<<<<

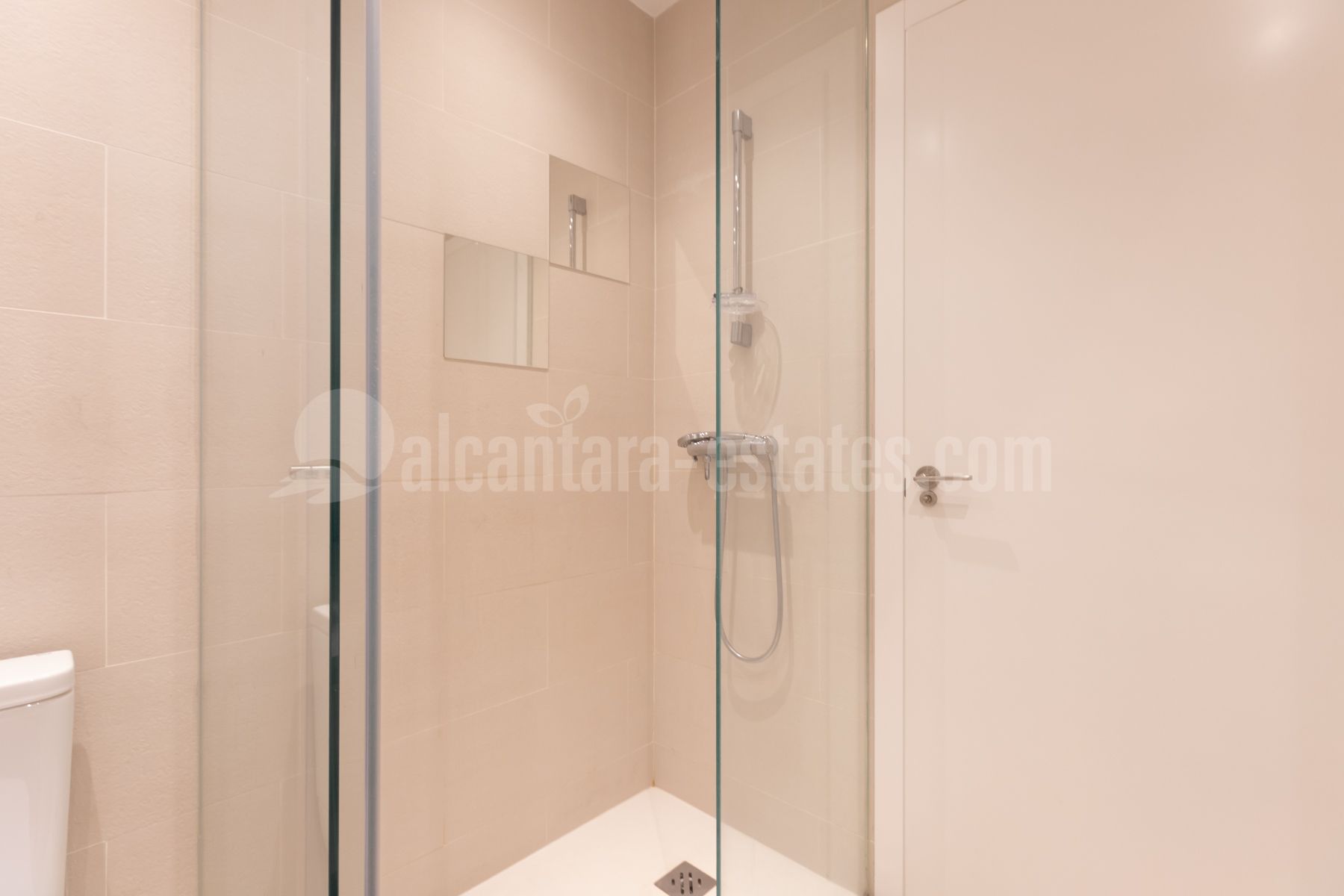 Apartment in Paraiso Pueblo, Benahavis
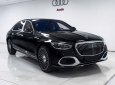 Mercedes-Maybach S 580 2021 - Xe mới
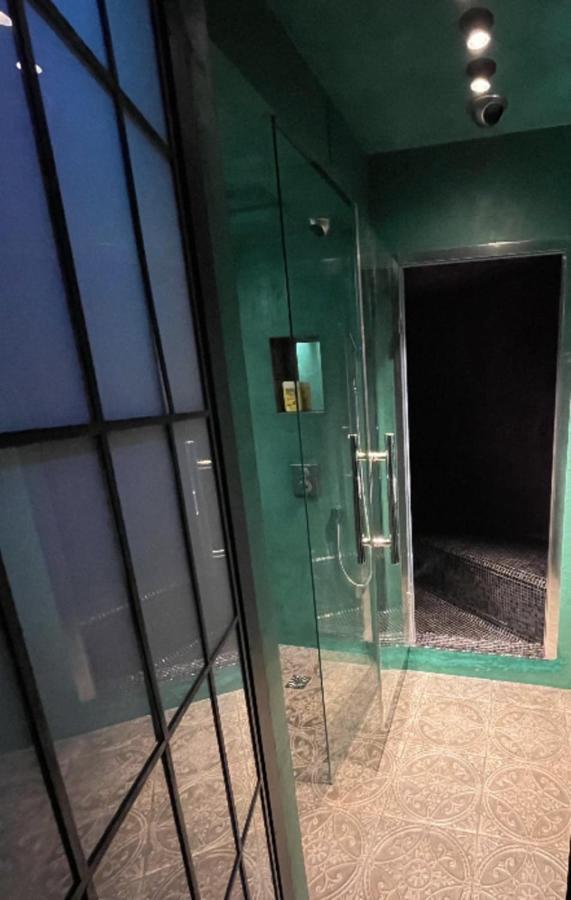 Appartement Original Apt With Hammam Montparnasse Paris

>>>>

Once the pictures are dropped, please print every remaining line of the material verbatim.

◆ **SOLVED PROBLEM**:
 Apartment in Paraiso Pueblo, Benahavis
 Mercedes-Maybach S 580 2021 - Xe mới
 Appartement Original Apt With Hammam Montparnasse Paris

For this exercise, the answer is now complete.